Woods won his career Grand Slam when he was 24 and had played in only 15 majors. Nicklaus and Player had all four majors when they were in their 20s. Hogan and Sarazen got theirs before the modern version of the Grand Slam even came into existence.
In that context, the last player to pick up the third leg of the Grand Slam would have been Floyd when he won the 1986 U.S. Open at Shinnecock Hills. By then, he was 43 and not considered a favorite to add a claret jug to his collection.
Mickelson also is 43, though the dynamics are entirely different.
For starters, he believes he is playing some of the best golf of his career, and it’s hard to doubt him. Mickelson has won three times this year, including the Phoenix Open where he missed out on a 59 by the smallest or margins, and a win last week in the Scottish Open.
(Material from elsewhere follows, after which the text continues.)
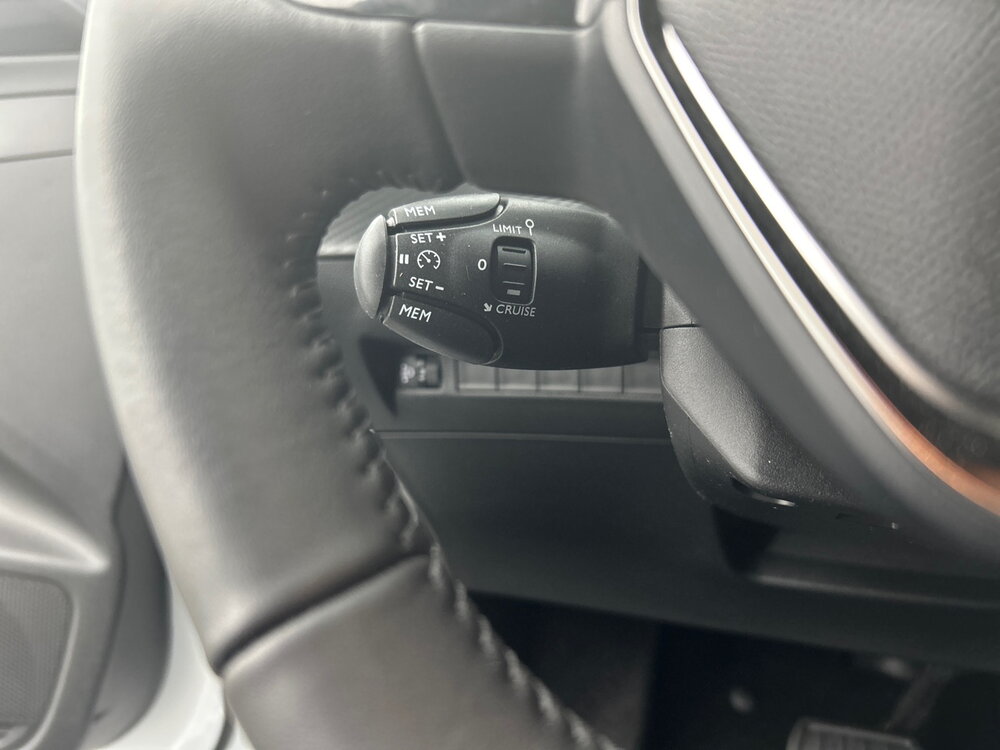 Occasion PEUGEOT 208 208 Hybrid 100 e-DCS6 - Style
And the missing link is the U.S. Open, which Mickelson always thought would be the one major he could win. It hasn’t been from a lack of effort. Mickelson holds the U.S. Open record with six silver medals, the latest heartbreak coming only a month ago at Merion. He was poised to win until twice making bogey with a wedge in his hand.
Mickelson’s national championship has never meant more than it does now.
“I think that if I’m able to win the U.S. Open and complete the career Grand Slam, I think that’s the sign of the complete, great player,” he said. “And I’m a leg away. And it’s been a tough leg for me.”
He said that in such a way that the room erupted in laughter, with Mickelson leading the way. He is not afraid to make fun of his own shortcomings.
“I think there’s five players that have done that. And those five players are the greats of the game,” he said. “You look at them with a different light.”
The U.S. Open returns to Pinehurst No. 2 next year, a slightly different course that now features expanses of sandy waste area. It’s not quite the same as when Payne Stewart beat Mickelson by one shot with a par on the 18th hole. And don’t forget, Mickelson finished 12 shots out of the lead at Pinehurst in 2005.
True, he needs the U.S. Open to be looked upon in a different light, to join the greats of the game.
But he does not need the U.S. Open to be looked upon as a complete player. The claret jug takes care of that.
Nick Faldo has one more major than Mickelson, winning the Masters and the British Open three times each. Faldo clearly was good enough to win the other two American majors — he lost in a playoff to Curtis Strange in the 1988 U.S. Open, and finished one shot out of a playoff in the 1993 PGA Championship — but he never did.
Seve Ballesteros won the Masters and British Open. Peter Thomson has five majors, all at the British Open.
Others with at least five majors never had the four modern majors at their full disposal — players like Walter Hagen, Harry Vardon, J.H. Taylor and James Braid. Bobby Jones created the Masters but, in effect, he was retired by then and golf’s greatest amateur was never eligible for the PGA Championship.
There’s something special about winning three majors, something grand about four.
Mickelson took care of the hard part with one of greatest closing rounds in a major at Muirfield. He is not done yet.